我双腿发软。
对于朝夕相处的人,是很难忘掉其声音的,思维也具有惯性,不用思考,我也能听出来这就是我叔的声音,绝对不会有差错,可我叔就坐在我面前!
这话听着让人渗得慌,我立刻就懵了,并没有挂掉手机,而是直勾勾的看着眼前的人,试图找到一丝熟悉的痕迹。
“……回家……快……”
电话里继续传出让我心惊胆战的声音,断断续续,像是在深山老林里打出来的电话,而且喘息声很沉重,明显由于剧烈的运动所致,这片面的字一直重复了好几遍,虽然无法听完全,可我也将它们组织起来了。
“别回家,快跑!”
这句话一直断断续续重复了七八遍,对方才挂了电话,在能听到对方声音的过程中,除了喘息声就是风声,是那种风吹树叶留下的莎莎声,十分剧烈,他应该深处深山老林里。
这真的是我叔吗?
我挂掉电话,想起回来以后我叔表现的种种不和谐,越来越害怕了,想拔腿就跑,这八张照片,如此重要的东西他怎么可能给我看?还有他那眼神,之前我只当是遇到了其他事情改变了他的行为方式,可这么一看,明显不是啊,他很有可能是假的!

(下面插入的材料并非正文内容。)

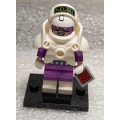 LEGO LIMITED EDITION - MINI FIGURES - CALCULATOR MAN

我叔是把我当小孩子养着的那种,我就算二十四岁了,都脱离不了他的掌控,虽然有时候,我们能平起平坐,讨论一些事情,但最终决定权都在我叔的手里,可今晚回家他所表现的明显与往日有差别。
有这么逼真的伪装者吗?不说容貌身材,连声音都一模一样,甚至知道我家里的事,而且知道的这么多!
可怕。
“叔,这照片……真的是我爹留下来的吗?”我道,同时凑过去,装作在看照片的模样看着我叔的脸庞,试图从他脸上找到易容的痕迹,可我并没有接触过这种技术,实在不了解它的特点,并没有找到,但我叔偶尔看我的眼光已经越来越陌生了。
我开始相信电话里的声音,他是假的,那我就得跑。
“是啊。”我叔回道,同时疑惑地看着我,在我身上四处打量,又道:“你咋了?刚才打电话的是谁?”
他发现了。
“以前认识的朋友,之前我为了确认猜想,给他打过,但他没接,刚才打过来问我是谁,我已经不期望有奇迹发生了。”我道,突然觉得自己的嘴唇有点颤抖,这些估计也全都被看到了,我不知道我的脸色怎么样,装作随意的一瞥镜子,自己的脸竟然煞白,暗道麻烦。
本来我还想问一些生活的细节试探一下,可一看到他的眼神就让我莫名恐慌,我在心里几乎已经确定了,我得跑,这样下去迟早会暴露,一旦被他认为我知道他是假的,就有可能对我下手。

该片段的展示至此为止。